John Rohr, 37, pleaded guilty in late June to two third-degree felony counts of failure to stop after an accident, one first-degree misdemeanor count of operating a vehicle while intoxicated, and one second-degree misdemeanor count of vehicular manslaughter.
Rohr was indicted on similar charges last year after he drove over Tad Albano, 47, on an Athens street on June 23, 2018. Albano later died of his injuries.
During the hearing Friday, Rohr’s attorney, Mike Callahan of Akron, asked for Rohr to be placed on community-control probation, while the state requested that Rohr be sentenced to two years in prison as a result of the plea agreement Rohr took when he pleaded guilty.
Ultimately, Judge Lang sentenced Rohr to three years in prison on a merged single third-degree felony count of failure to stop, and a total fine of $1,375 (he was also sentenced to 180 days in prison for the driving while intoxicated charge and 90 days for the vehicular manslaughter charge, but those sentences will run concurrently with the three-year sentence).
Lang handed that sentence down after multiple members of Albano’s family gave victim-impact statements during the hearing Friday, including four of his children and his wife, detailing the pain and sense of loss they felt after Albano died. Albano was a longtime youth soccer coach in the region and the owner of a gardening business.
Assistant County Prosecutor Zach Saunders, who represented the family during the case, said in a brief interview Monday that the loss of Albano had a significant impact on his family and the community at large.
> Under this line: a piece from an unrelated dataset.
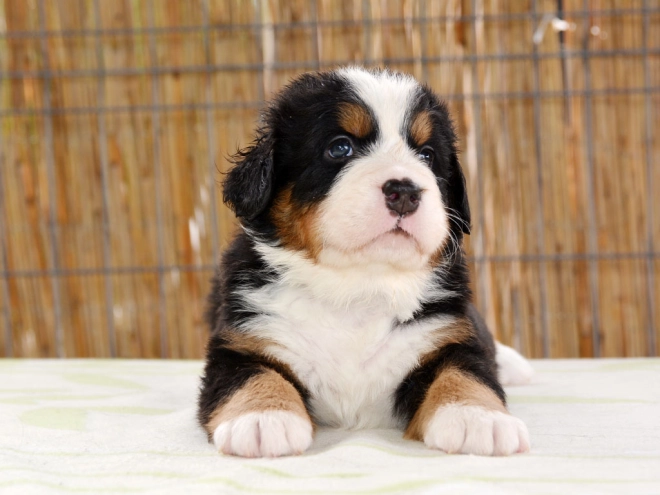 Berner Sennenhund Welpe zu verkaufen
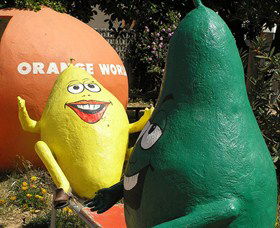Orange World - Accommodation Nelson Bay 0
“He was instrumental in teaching kids, and he was an active community member who seemed to be loved by a lot of people, so it’s deeply impacted the family but also members of the community,” Saunders said.
Rohr also gave a statement to the court during the hearing Friday wherein he apologized for the crime. His pastor, Michael Doak, also spoke, saying he believes Rohr is truly remorseful. While a pre-sentencing investigation by the court found Rohr to be remorseful, Judge Lang said during the hearing that he did not find Rohr to be adequately remorseful, leading to the three-year sentence mentioned above, Saunders explained. Saunder had said during the hearing that Rohr had turned the lights off on the pickup truck he was driving right after the incident.
Rohr during his statement said he didn’t remember the incident, and linked it to a night of heavy drinking, Saunders confirmed.